TLDR: SpaceX is targeting a mid-2026 IPO at $2+ trillion valuation while making only $24-30 billion in revenue — a price-to-sales ratio over 64x. The thesis: SpaceX is positioning itself as the physical infrastructure layer for AI through orbital datacenters, TeraFab chip manufacturing, and Starlink global connectivity.

Summary: The numbers around SpaceX's upcoming IPO are genuinely staggering. A target valuation above two trillion dollars for a company generating between twenty-four and thirty billion in revenue yields a price-to-sales ratio exceeding sixty-four — more than twice Nvidia's historical peak. For comparison, Amazon, also valued around two trillion, generated seven hundred and seventeen billion in revenue in 2025. SpaceX would have twenty-three times less revenue for the same market cap.

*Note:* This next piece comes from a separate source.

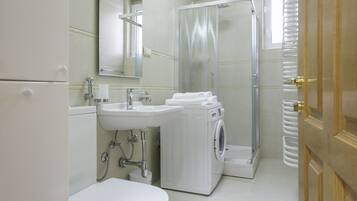 Shower, rainfall showerhead, free toiletries, hair dryer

The bull case rests on the infrastructure thesis: SpaceX is not a rocket company with AI ambitions but rather a vertically integrated infrastructure play where Starlink provides global connectivity, orbital datacenters provide space-based compute, and TeraFab provides chip manufacturing. The xAI merger, the orbital datacenter FCC filing, and the Starlink network are not separate bets — they are three parts of the same thesis. If you accept that global datacenter power consumption will roughly double to nearly one thousand terawatt-hours by end of decade, space-based solar arrays beaming energy to Earth starts sounding less like science fiction and more like infrastructure planning.

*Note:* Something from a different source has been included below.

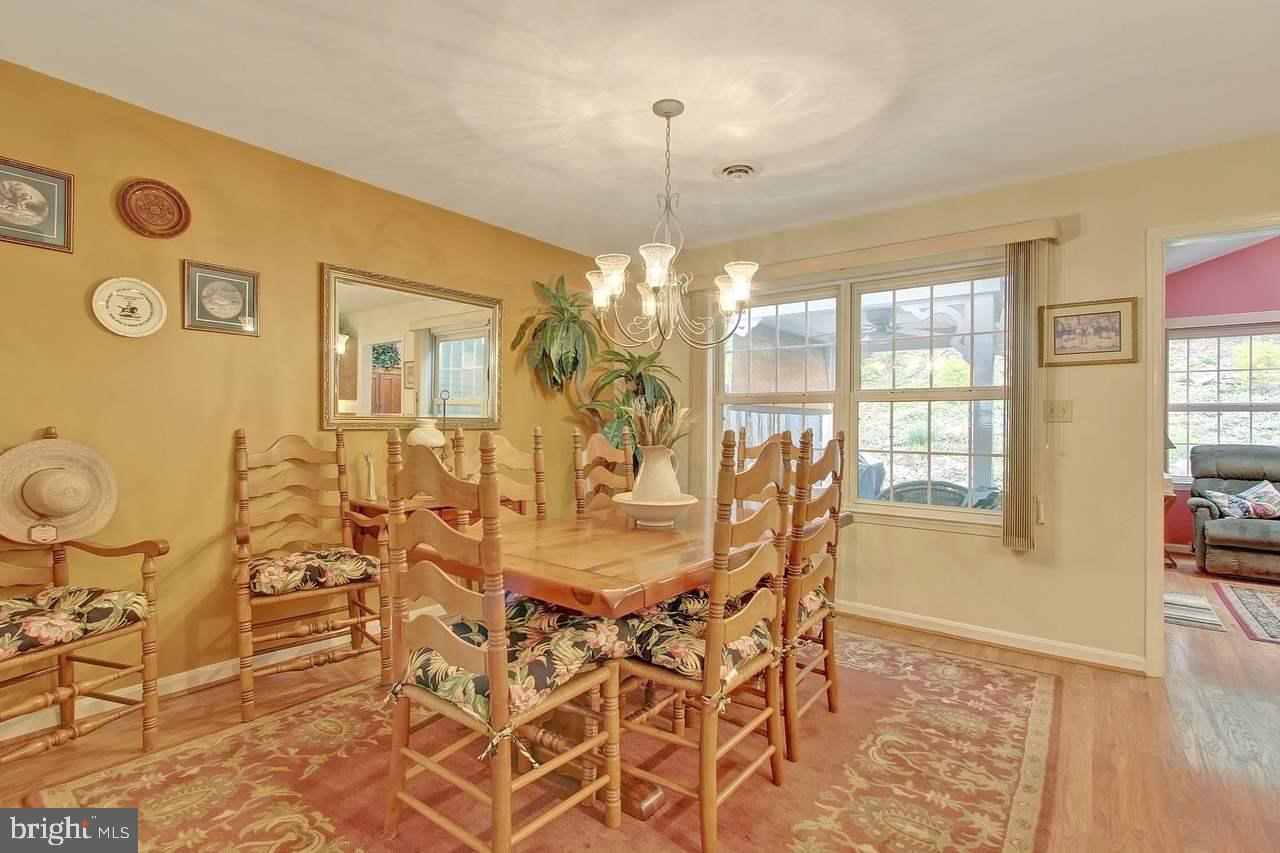 2842 Robin Road York, PA 17404 - Photo 5 of 25 Gallery Image 5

The execution risks are extraordinary. TeraFab is a proposed twenty to twenty-five billion dollar joint venture between Tesla, SpaceX, and xAI to create a full-stack chip manufacturing facility — design, lithography, fabrication, memory production, advanced packaging, and testing under one roof. It targets the two-nanometer process. They are not TSMC, and building competitive chip fabrication from scratch is one of the most capital-intensive and technically demanding endeavors in industrial history.

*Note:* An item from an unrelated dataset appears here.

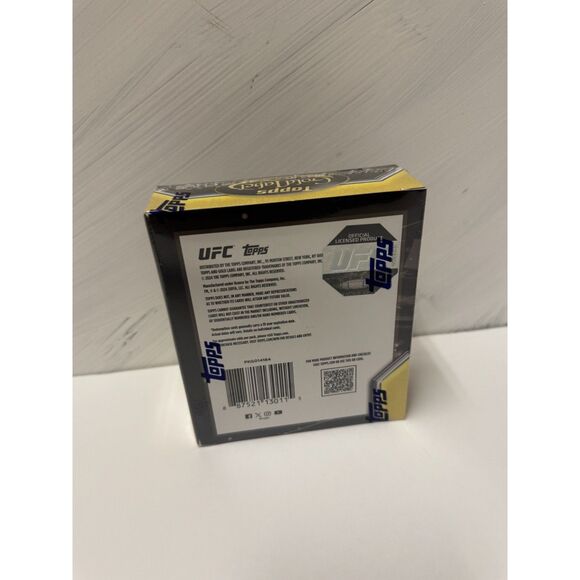 2024 Topps Gold Label UFC Hobby Box Sealed Factory - Picture 2 of 6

Meanwhile, xAI burns at least one billion dollars per month. X still carries roughly twelve billion in acquisition debt while making thirty-five percent less revenue than in 2022. Tesla sales declined fourteen percent from the previous quarter. The proceeds from the SpaceX IPO are expected to fund everything from Starship scaling to a lunar colony to Mars colonization. That is a lot of weight on a single IPO, however large.

Key takeaways:

  • SpaceX targeting $2T+ IPO with only $24-30B revenue (64x+ price-to-sales)
  • The thesis: infrastructure layer for AI (orbital compute + connectivity + chips)
  • TeraFab: $20-25B full-stack chip fab targeting 2nm process
  • xAI burns $1B/month; X carries $12B debt; Tesla sales declining
  • Three mega-IPOs in 2026-2027: SpaceX, OpenAI, Anthropic

Why do I care: For developers and architects, the infrastructure layer story matters because it signals where compute and connectivity costs are heading. If orbital datacenters become viable (big if), the constraints around edge computing, latency, and data sovereignty shift dramatically. More practically, the SpaceX, OpenAI, and Anthropic IPOs in the next year will define the financial landscape of AI tooling — the companies whose APIs we build on every day are about to face public market accountability.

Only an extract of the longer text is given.